● Exercise directions
Leave the pictures out and print, word for word, the lines below from the one with "Bella Tunno - Hooded" through the final line.

● Dataset excerpt
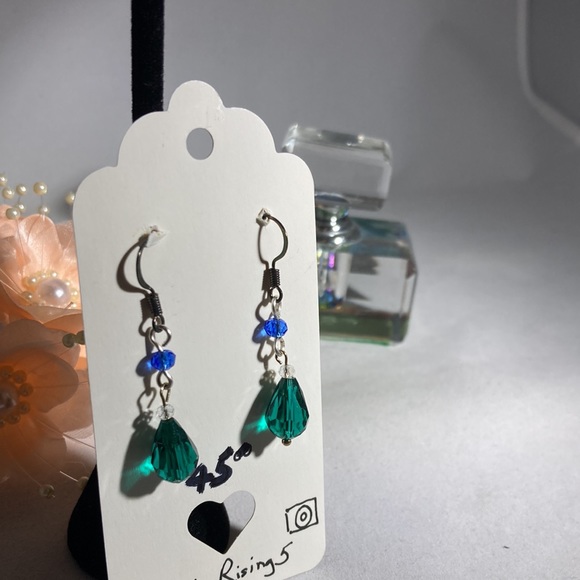 Green, clear ( Swarovski) and blue crystal earrings - Picture 4 of 8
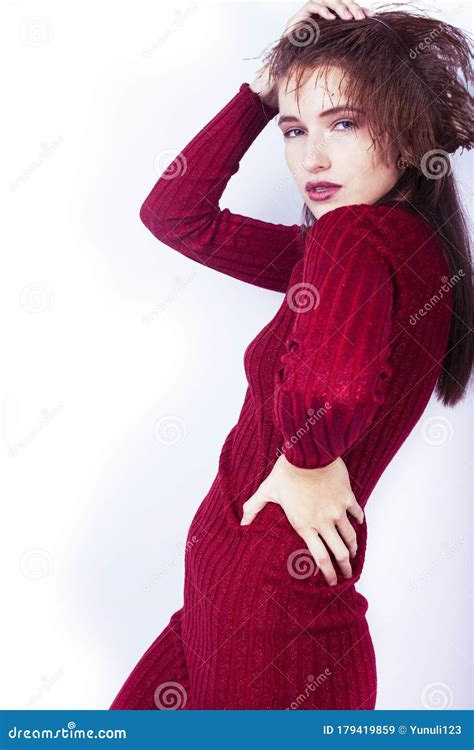 Jovencita Brunette Dama Moda Chica Vestida De Rojo Con El Concepto De Feather Elegante People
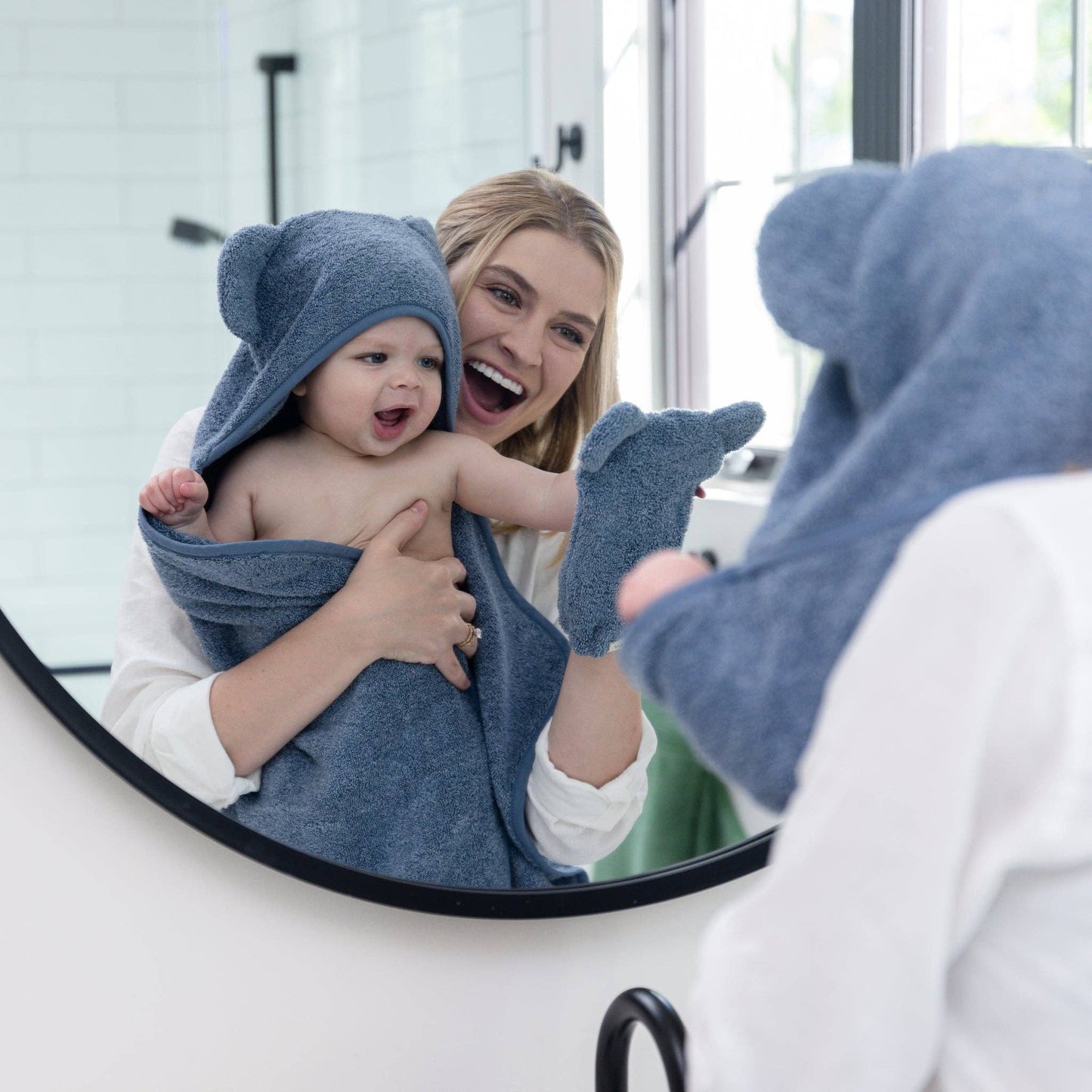 Bella Tunno - Hooded Towel + Wash Mitt Set Rain: Blue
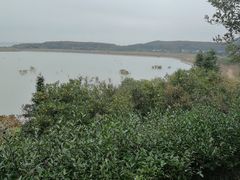 -亮河湾山庄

● Solution for this problem
 Bella Tunno - Hooded Towel + Wash Mitt Set Rain: Blue
 -亮河湾山庄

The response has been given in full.